How to Use the S.T.O.P. Mindfulness Exercise to Reduce Stress

mindfulness exercise to reduce stress


Stress and anxiety can build in our body and mind throughout the day.  It may seem, at times, like there is nothing we can do to mitigate stress, but I am here to share with you How to Use the S.T.O.P. Mindfulness Exercise to Reduce Stress so that you can learn to control your stress and anxiety and the effects it has on your mind and body.

Why is it So Important to Practice Stress Reduction?

Stress is something that builds over time and if you’re living with high levels of stress, you’re putting your health and wellness in jeopardy.  The longer we live with stress without managing it, the more long term damage it can do to our health. If you have a chronic illness, like I do, you also might find that by managing stress, you can effectively manage your symptoms. Stress reduction and management is all about becoming aware of what you are experiencing and taking control of  your thoughts, feelings and how you respond to things in your life.  Today, I’m going to teach you one method that is helpful in raising your own awareness, so that you can also become more in control of how you respond to your own experiences.

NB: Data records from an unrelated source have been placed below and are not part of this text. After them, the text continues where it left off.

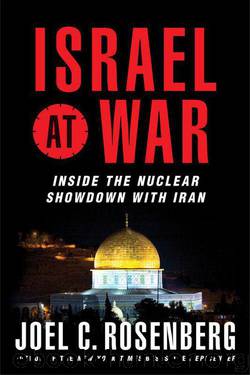Israel at War by Joel C. Rosenberg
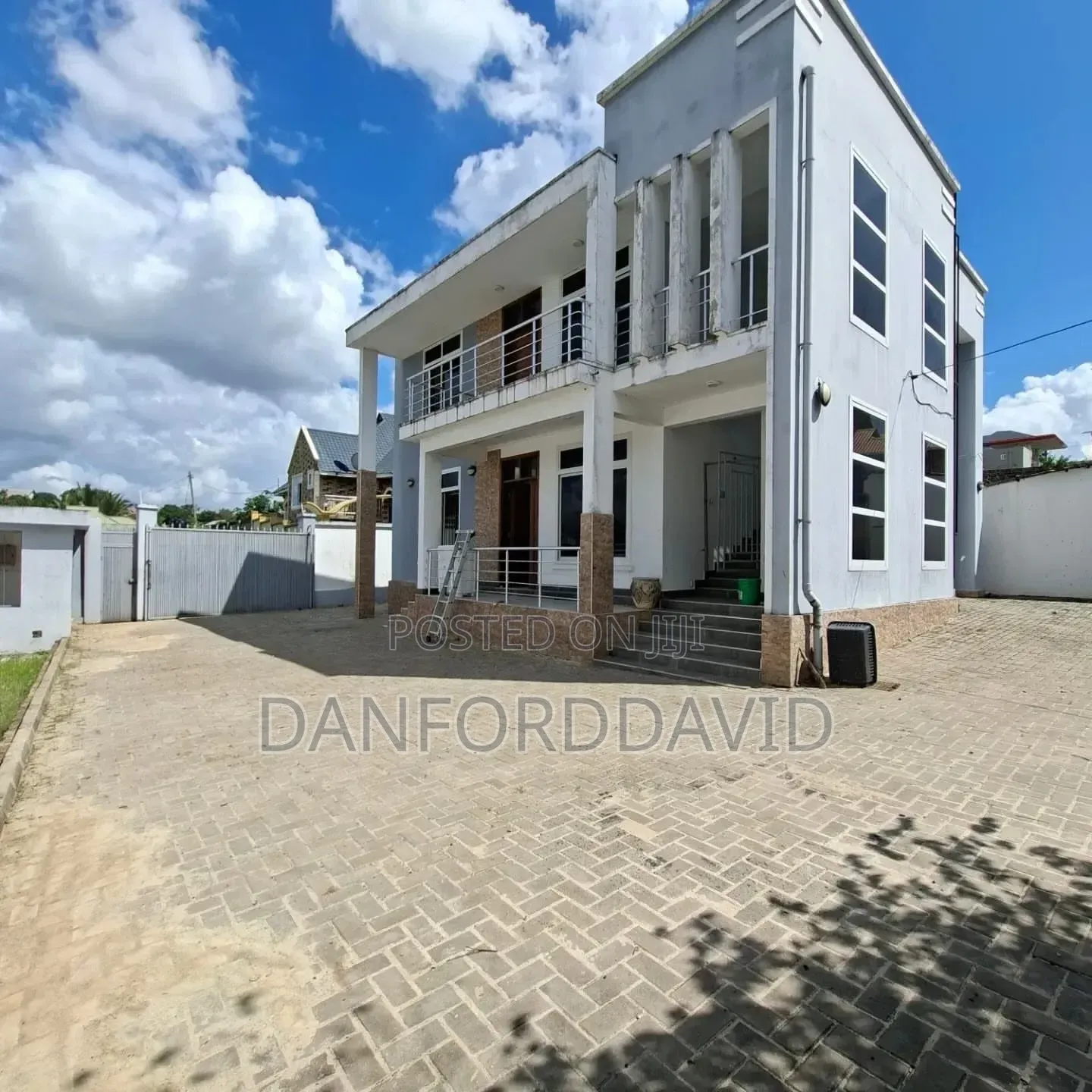 2bdrm Apartment in Kahwa Real Estate, Goba for rent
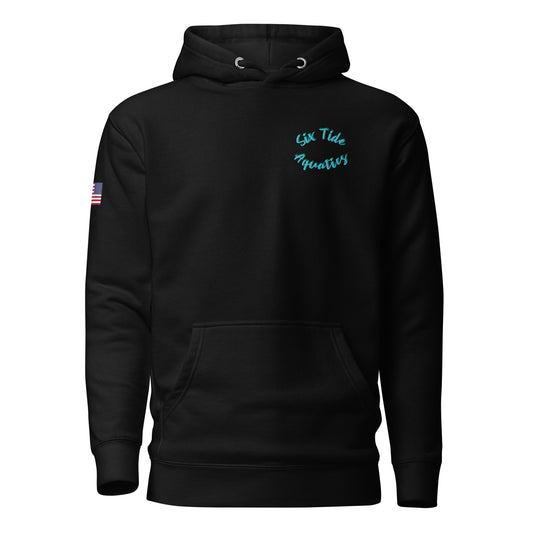 Six Tide Aquatics Unisex Hoodie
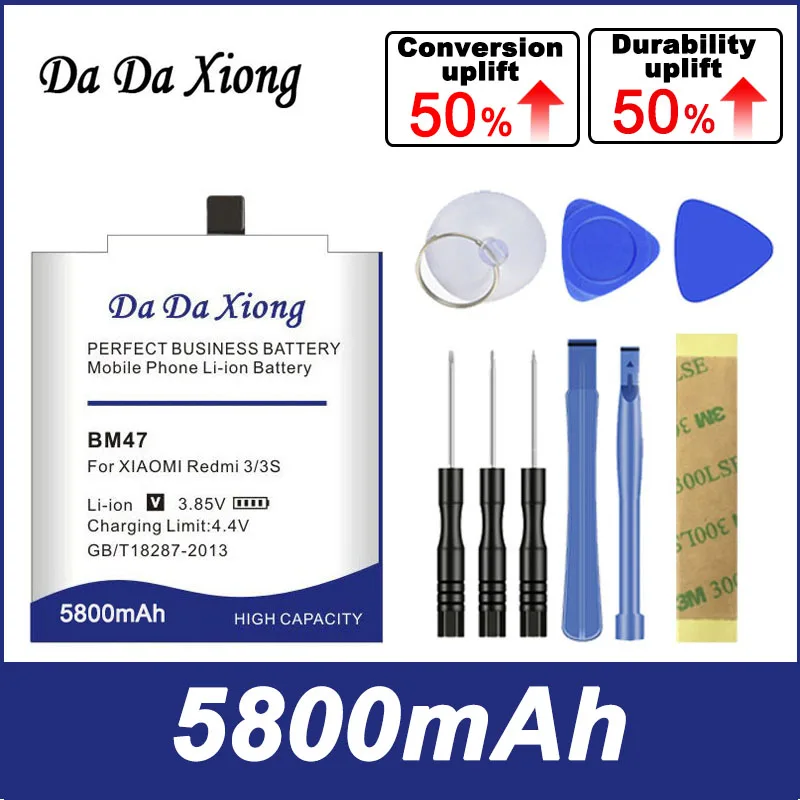 Аккумулятор BM47 BN43 для Xiaomi Redmi 3 S 3X Xiao Mi Hongmi 4x Redmi3 BN43 Xiaomi Redmi 3 S 3X Xiao Mi Hongmi 4x Redmi3
Аккумулятор BM47 BN43 для Xiaomi Redmi 3 S 3X Xiao Mi Hongmi 4x Redmi3 BN43 Xiaomi Redmi 3 S 3X Xiao Mi Hongmi 4x Redmi3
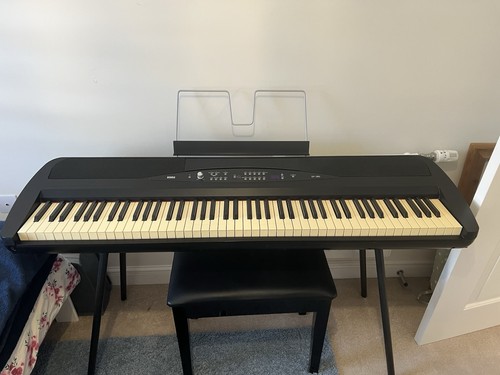 Korg 280 weighted key - sp-280,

How to Use the S.T.O.P. Mindfulness Exercise to Reduce Stress

S.T.O.P. is an exercise that serves as a reminder to become more aware of your experience.  60-70% of Americans report having problems with stress and anxiety. Stress is actually a normal and somewhat healthy response our body needs to be able to survive, but when we aren’t faced with life or death situations, our stress levels are supposed to normalize so it doesn’t cause our systems to overload.  If we’re worried about a big test coming up, a fight with our loved one or whether or not we’re going to make enough money to pay the rent, our stress response activates and starts the process of fighting for survival.  If we don’t actively work to mitigate this response, over time it can cause high blood pressure, muscle tension, anxiety, insomnia, digestive difficulties, and a weakened immune system. By STOPPING we can actively reduce our stress response and take over our mind and body by calling our attention to the present moment and all that is happening within it. Below, Ill walk you through how to S.T.O.P. so you can learn to control your stress and anxiety throughout the day and take back your life.


  • S = Stop

Stop what you are doing, put down what you are working on

  • T = Take a breath

Take several deep breaths in for 3-4 seconds and out for 3-4 seconds.  Focus on how your breath feels entering your lungs. Notice how your chest and belly rise with each breath in and fall with each breath out. Imagine you are breathing in fresh, clean air and exhaling stress and tension from your body and mind.

  • O = observe

Observe everything that is happening in the present moment, both around you and within you.  Use your senses to ground yourself to this moment by naming things you can hear, see, smell and touch.  Notice any thoughts you might be experiencing and any feelings you might be experiencing with curiosity. Remind yourself that thoughts and feelings are not facts, they are simply states of being and they are temporary.  Watch as they pass through your mind and body and name them out loud. Research tells us that naming an emotion can dial down it’s intensity in your body, thereby reducing the stress it causes us. Observe your body, how you are sitting or standing, observe any pain or discomfort you are feeling, without placing judgment on it as ‘good’ or ‘bad’.

  • P = proceed

Use your observations and experiences to inform how you Proceed into your day. Be aware of how you proceed, if you need additional time, take a self-care break.  Use the knowledge of how you WERE responding to your experiences (thoughts, feelings, reactions) to change how you respond moving forward, with more awareness and a sense of calm nonjudgment.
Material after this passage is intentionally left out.